Centauro was deployed in the former Yugoslavia and Somalia, where the design proved successful. Centauro was usually employed to escort motor convoys, for wide area control and for road patrols.

Centauros were also deployed during operation Antica Babilonia, the Italian involvement in the Iraq War. During this operation, a Centauro troop took part in the battle for the bridges of Nassiriya, destroying a building where snipers were hiding.

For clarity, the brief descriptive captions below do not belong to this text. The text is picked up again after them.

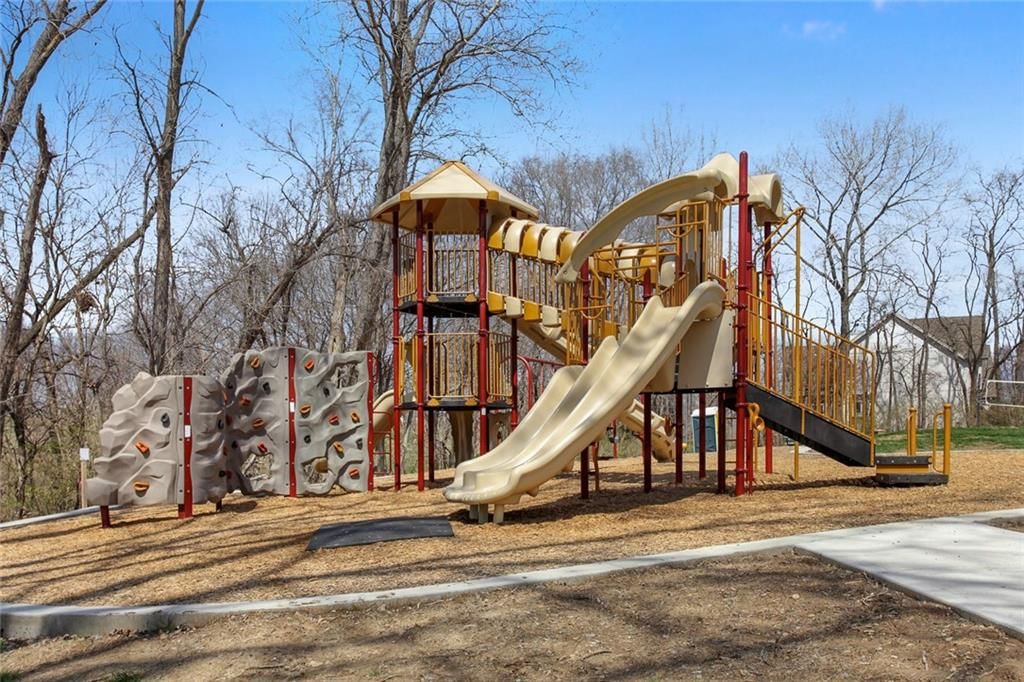 8216 NW Forest Drive — photo 39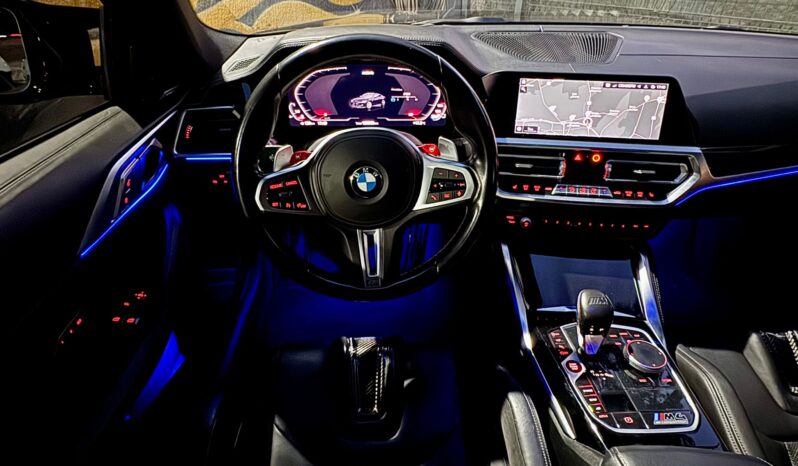 BMW M4 Competition cheio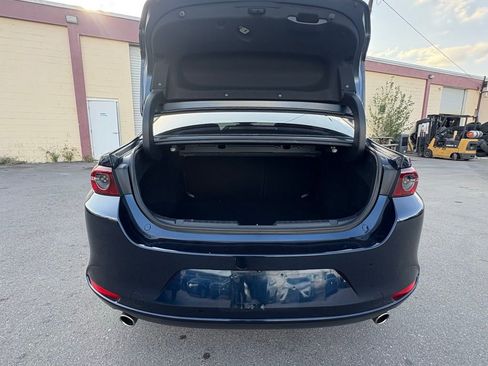 Used 2021 MAZDA MAZDA3 s image 13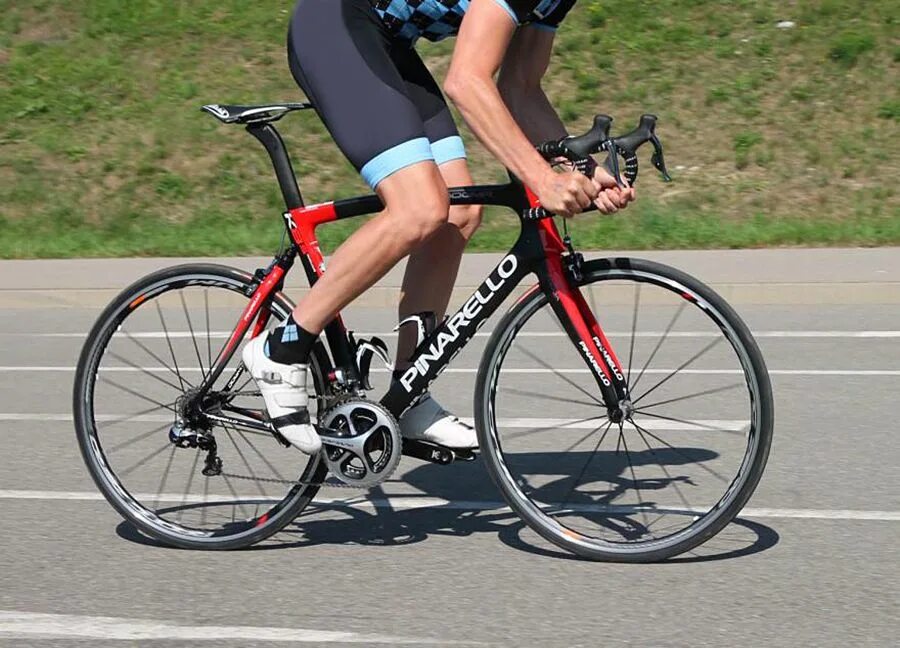 Техника кругового педалирования на велосипеде. Военные педалирования. Техника кругового педалирования на велосипеде. Крылья для шоссейного велосипеда pinarello. Педалировать мем.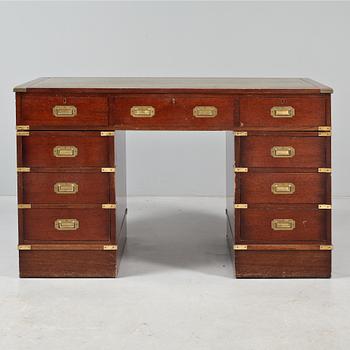 SKRIVBORD, engelsk stil, 1900-talets andra hälft.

In 2003, Spain deployed six Centauro 105/52mm to Iraq for the self-defense of their troops.

Variants

Anti-tank

 Centauro 105mm
 The baseline and original version, also called Centauro Reconnaissance Anti-Tank.

 Centauro 120mm
 Upgraded Centauro with a low recoil 120 mm L/45 cannon (unrelated to the Rheinmetall L/44 120mm) in a newly designed turret and with new composite armour that can resist up to 40mm APFSDS rounds on the front and 14.5mm on the rest of the body. This vehicle was also used as a testbed for various technologies that would be used in the B1 Centauro's successor vehicle, the Centauro II.

 Centauro II
 In July 2018, the Italian Army signed a €159 million (USD $186 million) contract to acquire 10 Centauro II tank destroyers, the first tranche of a planned 150-vehicle order. The 30-ton Centauro II is based on the Freccia chassis with a two-man turret with a 120 mm gun. Additional improvements include a digital communications system, a 720 hp engine delivering 24 hp/ton, and wheels extending farther out from the hull for greater stability and better protection against mine blasts.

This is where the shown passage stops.